Adoucissement des moeurs.—Le journalisme.—Marat et Camille Desmoulins.—Déclaration des droits de l'homme et du citoyen.—La prérogative royale et le véto.—Système des deux Chambres.—Obstacles que rencontrait le travail de la Constitution.—Brissot et Danton.

O Révolution! comment ont-ils pu te couvrir du masque de la haine, toi dont le premier battement de coeur fut pour l'humanité tout entière? Non, tes ennemis ont beau dire, tu n'as point la première tiré le glaive du fourreau. Tu as commencé par éclairer le monde, par lui donner le baiser de paix; mais le monde ne t'a point connue. Les maîtres du passé se sont cachés dans leur ombre, pour ne point voir la lumière de tes bienfaits; ils ont voulu te mettre à mort, parce que ta clarté importune révélait leurs actions mauvaises. Qu'ils soient éclairés à leur tour, et toi, Révolution, sois saluée par la reconnaissance de toutes les nations de la terre.

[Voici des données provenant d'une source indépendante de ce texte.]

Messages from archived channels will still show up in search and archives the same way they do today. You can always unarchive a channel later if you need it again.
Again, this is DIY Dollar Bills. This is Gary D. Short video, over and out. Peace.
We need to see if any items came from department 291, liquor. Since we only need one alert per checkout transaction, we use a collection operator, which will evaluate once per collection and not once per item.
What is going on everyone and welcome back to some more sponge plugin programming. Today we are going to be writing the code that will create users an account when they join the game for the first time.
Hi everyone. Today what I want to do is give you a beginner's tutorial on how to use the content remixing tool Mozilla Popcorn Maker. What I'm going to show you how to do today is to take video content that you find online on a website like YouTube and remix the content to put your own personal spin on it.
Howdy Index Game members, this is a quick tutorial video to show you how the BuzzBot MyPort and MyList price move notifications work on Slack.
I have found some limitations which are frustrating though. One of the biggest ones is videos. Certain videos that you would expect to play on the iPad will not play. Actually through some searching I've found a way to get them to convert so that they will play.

La Révolution avait en quelques mois renouvelé le caractère français, adouci les moeurs. Un criminel devait être exécuté à Versailles: déjà la roue était disposée; pâle, consterné, défait, le misérable était déjà étendu sur l'échafaud, lorsque des cris de: Grâce! Grâce! s'élèvent de toutes parts: voilà l'homme sauvé. On chercherait à tort une contradiction entre cette démence du peuple et les actes de cruauté qui venaient de répandre l'effroi dans Paris. On appelait alors de telles voies de fait des exemples, des justices armées qui passent, comme la foudre, sans même laisser après elles la trace du sang.

De l'agitation prodigieuse des esprits, tournés vers les affaires publiques, un nouveau pouvoir venait de sortir, le journalisme. Deux hommes s'y faisaient surtout remarquer, l'un par l'excentricité de son talent, l'autre de son caractère, c'étaient Camille Desmoulins et Marat.

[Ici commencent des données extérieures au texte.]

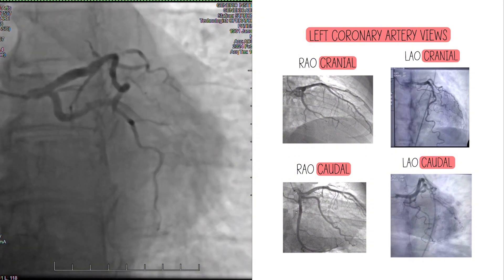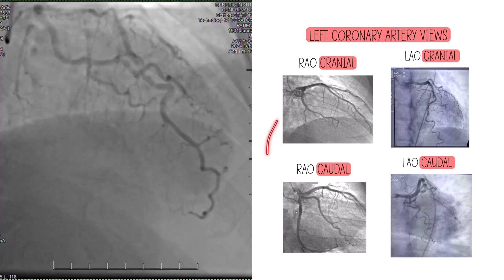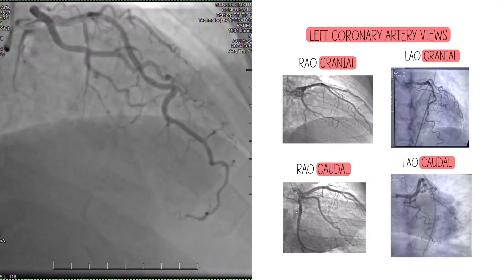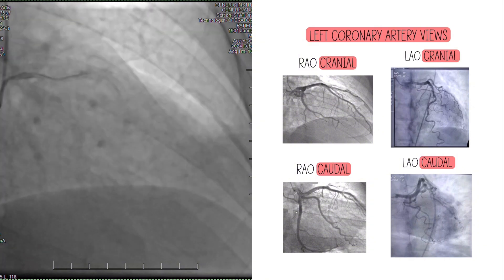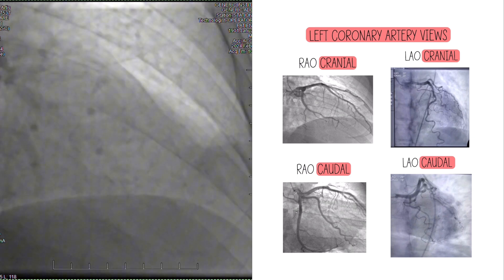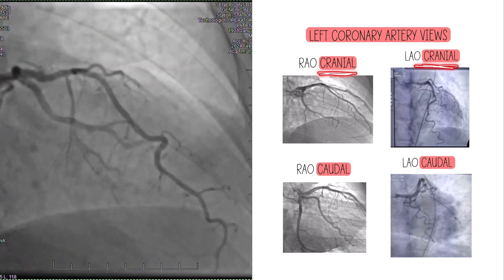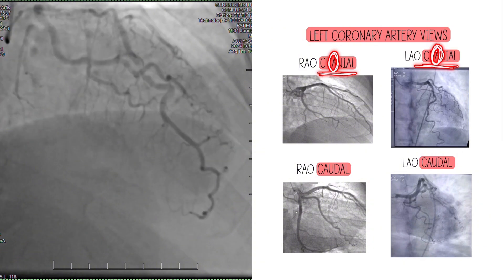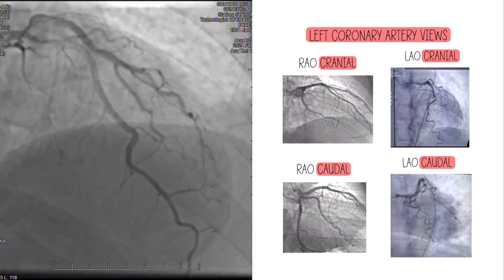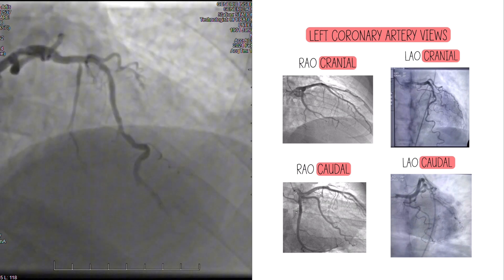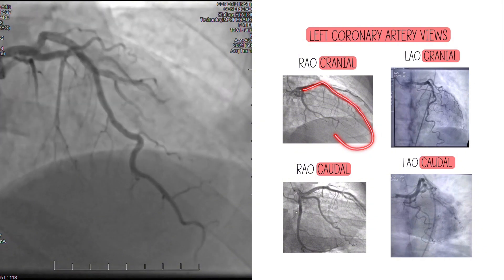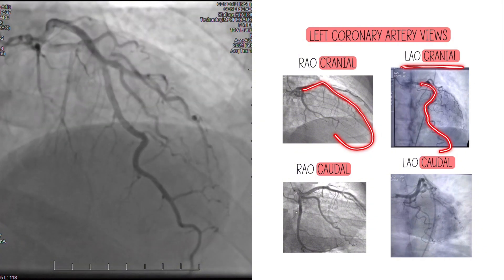So what are each of these good for? I've put an example angiogram — this is the same patient for all of the views. Let's start with RAO cranial. In the cranial views, the LAD is best shown. Now you're going to see the LAD and the circ in all the views, but what we're talking about is what do I see best, what is laid out best. So RAO cranial — here's the LAD. LAO cranial — here's the LAD.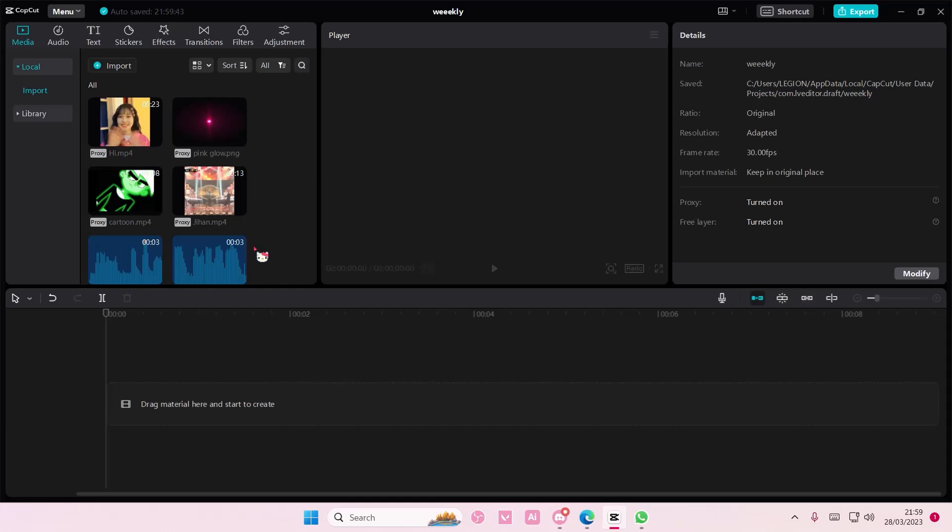Hey guys and welcome back to this channel. In this video I'll be showing you guys how you can basically change the color of any stickers on CapCut PC.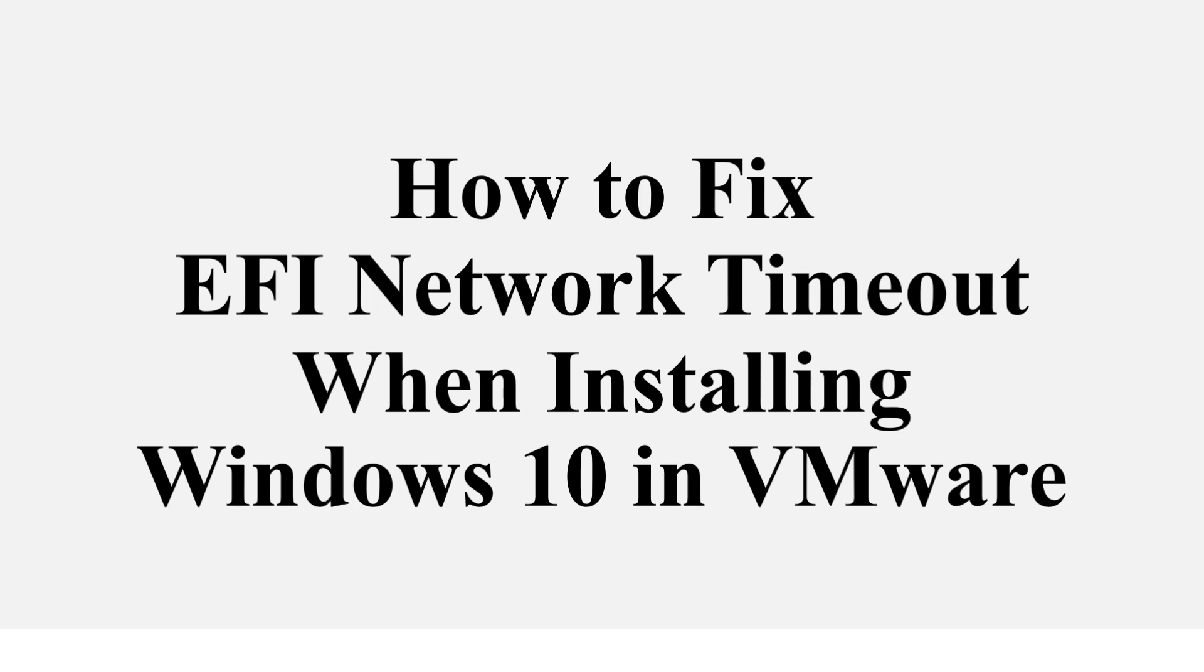Hello, welcome to my channel. In this video, we'll show you how to fix the EFI network timeout error when installing Windows 10 on a VMware virtual machine.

Camille, nature flottante, mais qui s'appartient dans sa mobilité même, un peu femme, mais surtout homme du peuple. Écrivain, il manie comme admirablement l'arme à deux tranchants du sarcasme! Je vois errer sur ses lèvres ondoyantes le rire d'une nation qui a souffert; son arbre nerveux frissonne à tous les vents, vibre à toutes les émotions. Trop d'esprit, pas assez de tête.

«Mon cher Camille, lui écrivait l'Ami du peuple, vous êtes encore bien neuf en politique. Peut-être cette aimable gaieté, qui fait le fond de votre caractère, et qui perce sous votre plume dans les sujets les plus graves, s'oppose-t-elle au sérieux de la réflexion. Je le dis à regret, combien vous serviriez mieux la patrie si votre marche était ferme et soutenue; mais vous vacillez dans vos jugements; vous blâmez aujourd'hui ce que vous approuverez demain; vous paraissez n'avoir ni plan ni but.»

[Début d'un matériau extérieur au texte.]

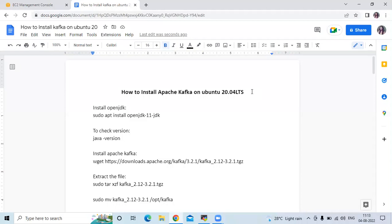Hello friends! Welcome back to DevOps Saint. In this video, we are going to learn how to install Apache Kafka on Ubuntu 20.04 LTS. So let's start.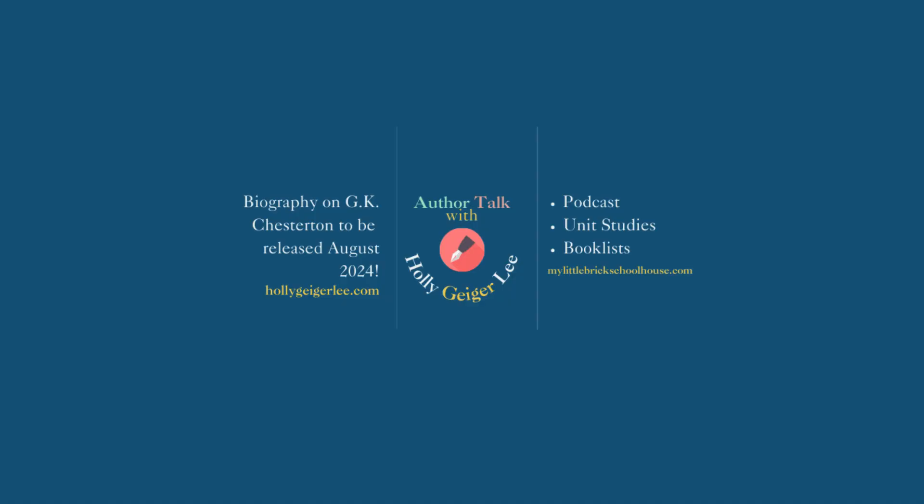Thank you for joining me. Once again, if you would like to check out more of my work, you can go to hollyguigerlee.com. I'm also at my little brick schoolhouse on Instagram and Facebook. I have a private Facebook group called read with my little brick schoolhouse. So be sure to check me out in those places and stay tuned for more.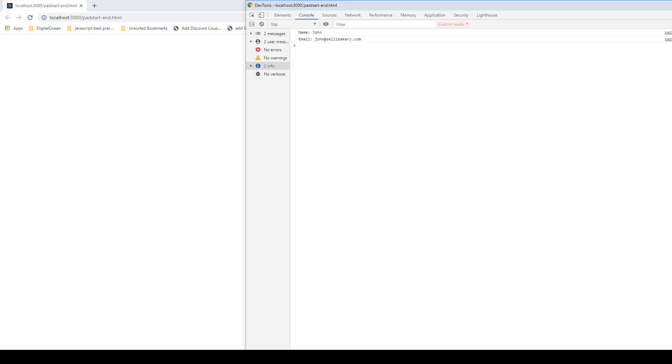In this lecture we'll take a look at how we can format our strings using padStart and padEnd. For instance, you can see the output over here in my example. We have name and email coming up, but...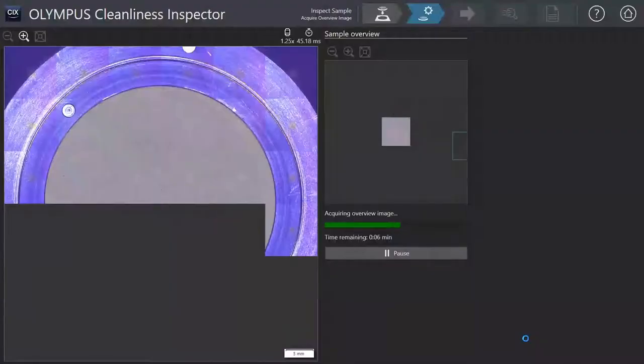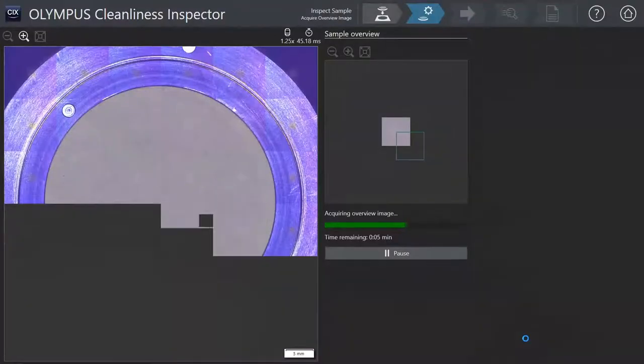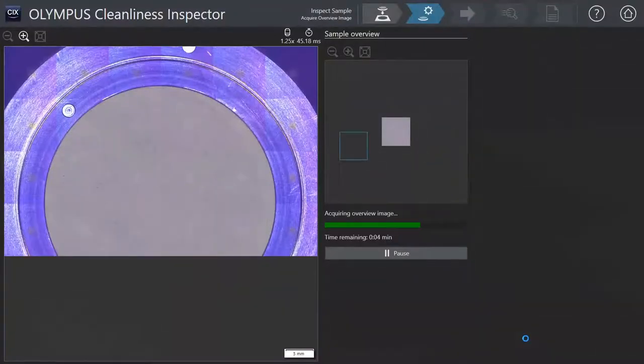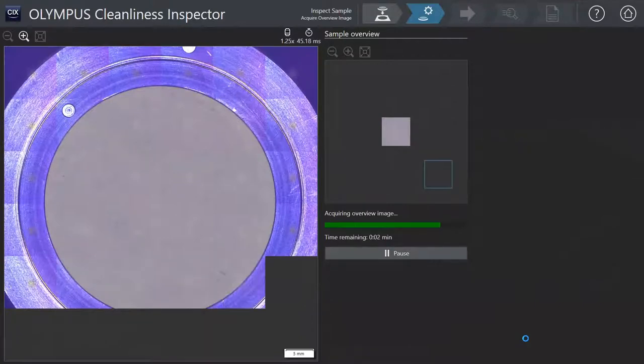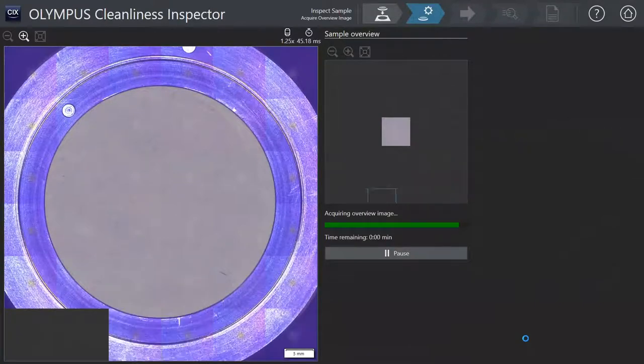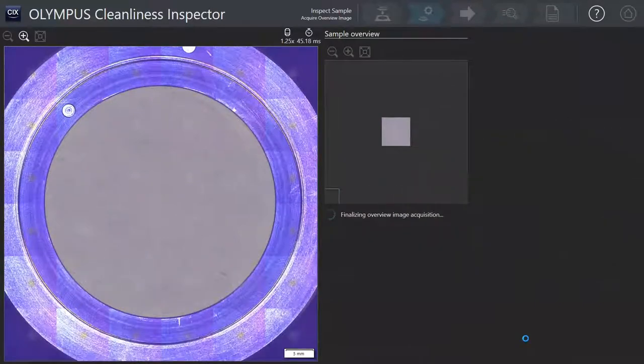Before inspection even starts, the system presents an overview image to assist you in identifying filter coverage and particle clusters.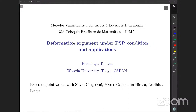Thank you for the introduction. First of all, I would like to thank the organizers for the invitation and for giving me a chance to give a talk here. It's really my honor.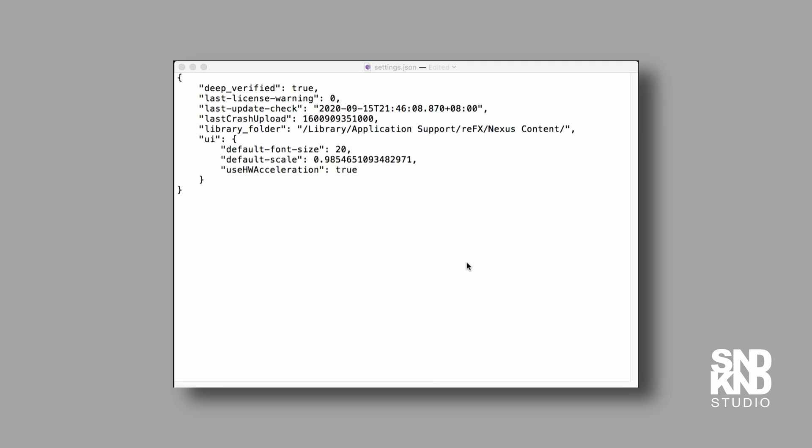We're almost there now. We need to go back to where we previously opened that settings.json file.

Cette légèreté faisait à la fois le charme et le principal défaut de

Camille, l'enfant gâté de la Révolution:—elle le perdit.

Né de parents obscurs, Marat avait apporté en venant au monde, dans ses membres faibles et maladifs, des souffrances invétérées. Voyageur, il n'avait rencontré, le long de son chemin, qu'esclaves fouettés de verges, que pauvres servant à essuyer les pieds des riches, que nations pressurées selon le bon plaisir d'un seul, comme la grappe sous la vis du pressoir. Plongé au fond de l'Océan amer, sa nature molle et absorbante s'emplit des misères du peuple comme l'éponge de la bourbe de l'eau. Son premier discours aux hommes fut un cri de douleur. Plus tard, il secoua de ses mains crispées et rebelles les haillons de l'indigent, pour en chasser la poussière sur le front des privilégiés; médecin, il revêtit la chemise mouillée de sueur froide et tâchée de sang. Le journal et l'homme ne faisaient qu'un: dans l'Ami du peuple, l'exagération du sentiment de la justice va quelquefois jusqu'à la fureur. Un homme se portait-il à des violences contre son semblable plus faible que lui, Marat eût tout donné pour punir de mort ce lâche agresseur. Bonne ou mauvaise, sa feuille était nécessaire: sans elle, quelque chose aurait manqué à la Révolution, et si le rédacteur de l'Ami du peuple n'avait pas existé, il aurait fallu l'inventer. Il fallait à la crise sociale ce phénomène nerveux. Inégal, emporté, lui seul avait la conscience de sa logique. [Note: On retrouva, en fouillant dans les papiers du comte d'Artois, une lettre écrite en 1763, et adressée à un Anglais: «Si la nation française, y dirait-on, est avilie, c'est par le défunt d'autrui; souvenez-vous, mylord, qu'elle ne sera pas vile dans vingt ans.»—Qui avait écrit cette lettre? Jean-Jacques Rousseau.]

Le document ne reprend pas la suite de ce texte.